An arsenal of assets: why use an asset management provider?

What are the benefits of using the expertise of an asset management provider? We find out why the subject needs to be taken seriously by SBMs – and explore some of the dramatic cost and efficiency savings involved

Forget me not

No matter how fantastic we may judge our powers of recall to be it’s amazing the number of times forgetfulness raises its ugly head. Whether an email sent without an attachment or a misplaced set of keys, it seems there will always be something that upsets our best laid plans. Similarly, if you’re trying to keep on top of an ever-expanding asset portfolio using old recording and auditing techniques your chances of remembering everything are slim indeed.

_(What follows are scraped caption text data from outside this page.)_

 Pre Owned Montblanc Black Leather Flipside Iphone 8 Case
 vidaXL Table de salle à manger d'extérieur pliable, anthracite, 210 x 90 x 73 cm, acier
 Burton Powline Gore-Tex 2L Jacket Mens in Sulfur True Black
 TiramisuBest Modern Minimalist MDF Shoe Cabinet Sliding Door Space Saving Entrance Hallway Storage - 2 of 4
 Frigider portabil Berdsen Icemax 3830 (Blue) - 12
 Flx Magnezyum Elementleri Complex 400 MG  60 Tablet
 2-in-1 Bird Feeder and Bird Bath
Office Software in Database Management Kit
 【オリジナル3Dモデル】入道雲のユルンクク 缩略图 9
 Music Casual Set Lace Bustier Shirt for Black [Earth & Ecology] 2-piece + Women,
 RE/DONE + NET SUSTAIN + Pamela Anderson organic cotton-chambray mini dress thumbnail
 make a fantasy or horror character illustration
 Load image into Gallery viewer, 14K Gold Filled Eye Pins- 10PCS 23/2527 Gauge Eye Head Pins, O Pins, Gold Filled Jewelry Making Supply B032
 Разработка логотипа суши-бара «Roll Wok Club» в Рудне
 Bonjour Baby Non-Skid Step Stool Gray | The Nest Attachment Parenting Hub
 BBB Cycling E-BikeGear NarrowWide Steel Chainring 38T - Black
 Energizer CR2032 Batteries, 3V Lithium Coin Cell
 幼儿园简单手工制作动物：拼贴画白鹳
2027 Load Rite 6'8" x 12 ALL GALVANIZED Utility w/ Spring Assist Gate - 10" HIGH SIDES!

A friendly neighbour will probably be able to help when a spare key is needed but a notepad containing auditing numbers accidentally consigned to the office bin is another matter entirely. “It’s easy for a SBM to forget that a three-year photocopier contract, for example, will automatically renew three months before the original contract is set to end so, if you haven’t cancelled it three months before, it will continue for another year or, in a worst case scenario, another three years,” says Tim Roots, director, Parago.

 Saving a fortune

There are many different software solutions and mobile apps available to support all aspects of asset management, from accounting programs to touch screen asset-tracking technology, so there is plenty to think about when attempting to gauge value for money. ICT assets are an obvious priority for SBMs – and there are lots of them – with fixed, mobile, hard and soft assets across computer networks, estates and school locations, all eminently stealable. “The simplest and cheapest method to protect assets from theft is barcode tracking. If schools perform daily verifications then the system can identify when an asset was last seen and in which class room. Staff can then check to see who was in that room on the day and keep an eye on recurring patterns – assets going missing from the same locations, same people in the rooms on those days, and so on,” says Nicola Byers, marketing manager at Real Asset Management.

Imagine having an overview of those assets that are approaching the end of their useful lives – a school is then able to make informed decisions on what assets they can afford to replace and those that will have to wait

A set budget is advisable when considering an entirely new computerised asset management system or the integration of a new software package; suppliers who offer installation and support services will charge for their handy work so it’s important that SBMs shop around. “Price is dependent on the size of school and time on the job. We could be in the smallest prep school for a day and in the largest of independent schools for four weeks,” says Tim. Financial savings will tend to be higher for schools which have a history of monitoring their inventory diligently. “Asset software search functions can be used to query specific assets prior to purchasing new equipment or materials. If surplus assets can be redeployed that represents an obvious saving to the school,” says Adam Watson, director at Every Education. “A further benefit is in effective renewals and replacements. Imagine having an overview of those assets that are approaching the end of their useful lives – a school is then able to make informed decisions on what assets they can afford to replace and those that will have to wait.”